## Problem to work on
In the entries below, locate the line with "Solar.Purge", then give again that line and all lines after it, exactly, with pictures omitted.

[Image-text web data]
%%

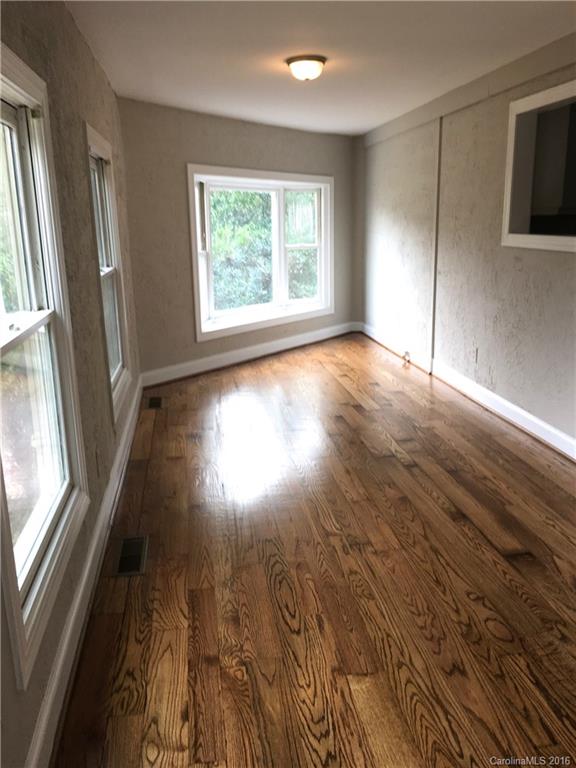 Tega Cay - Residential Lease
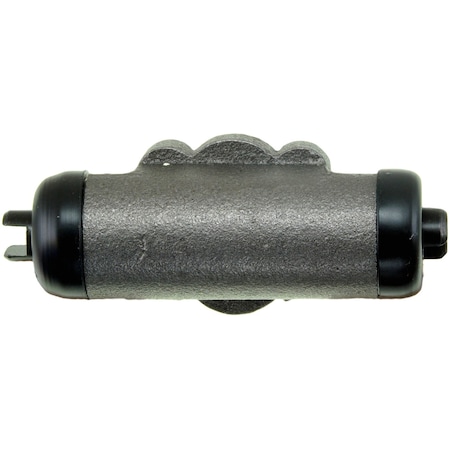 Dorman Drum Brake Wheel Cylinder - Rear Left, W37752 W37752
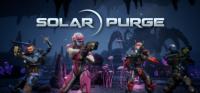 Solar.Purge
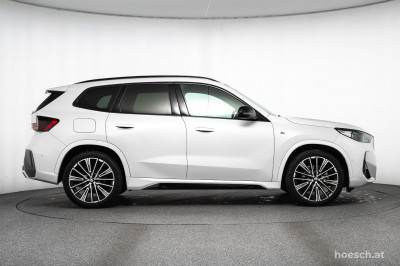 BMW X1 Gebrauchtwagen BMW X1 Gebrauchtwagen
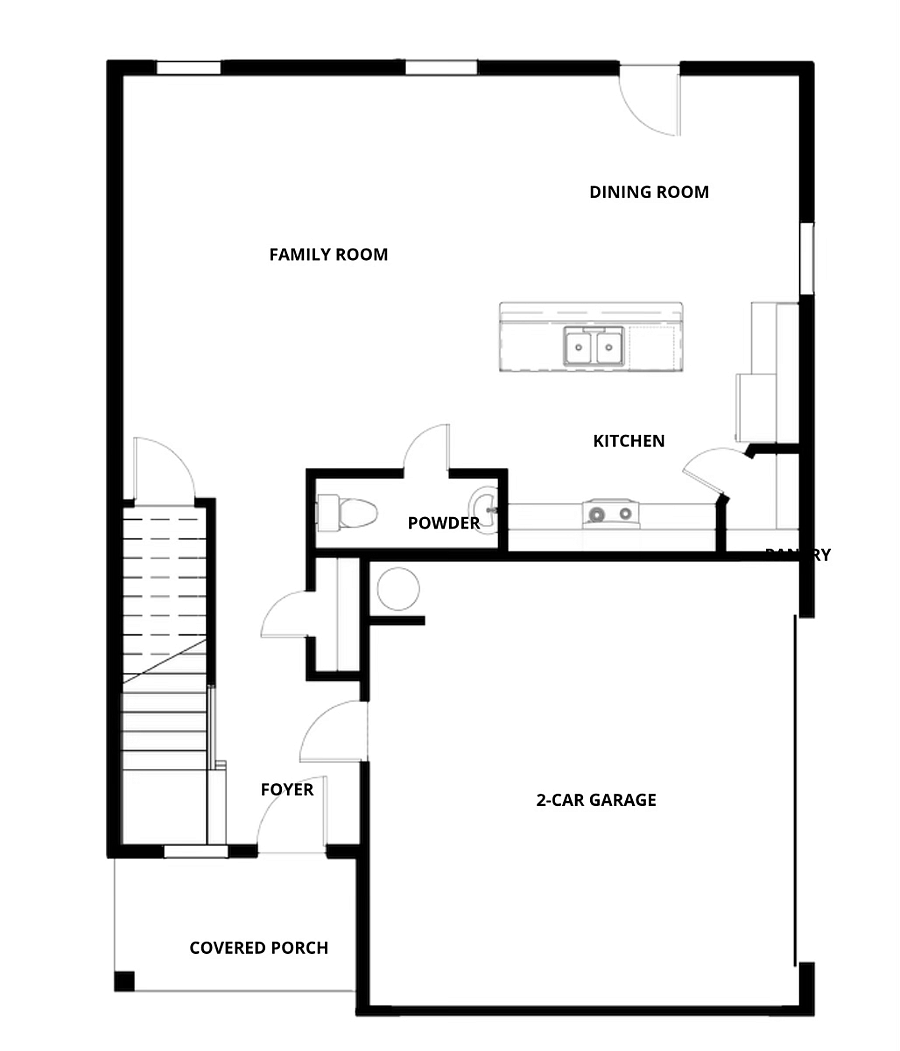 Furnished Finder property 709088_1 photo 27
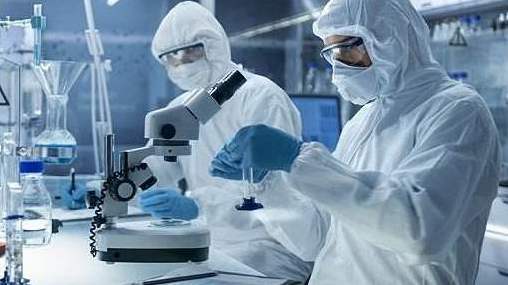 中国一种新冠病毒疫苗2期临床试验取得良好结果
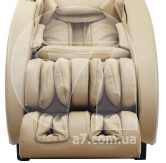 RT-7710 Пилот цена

%%

## Response area
 Solar.Purge
 BMW X1 Gebrauchtwagen BMW X1 Gebrauchtwagen
 Furnished Finder property 709088_1 photo 27
 中国一种新冠病毒疫苗2期临床试验取得良好结果
 RT-7710 Пилот цена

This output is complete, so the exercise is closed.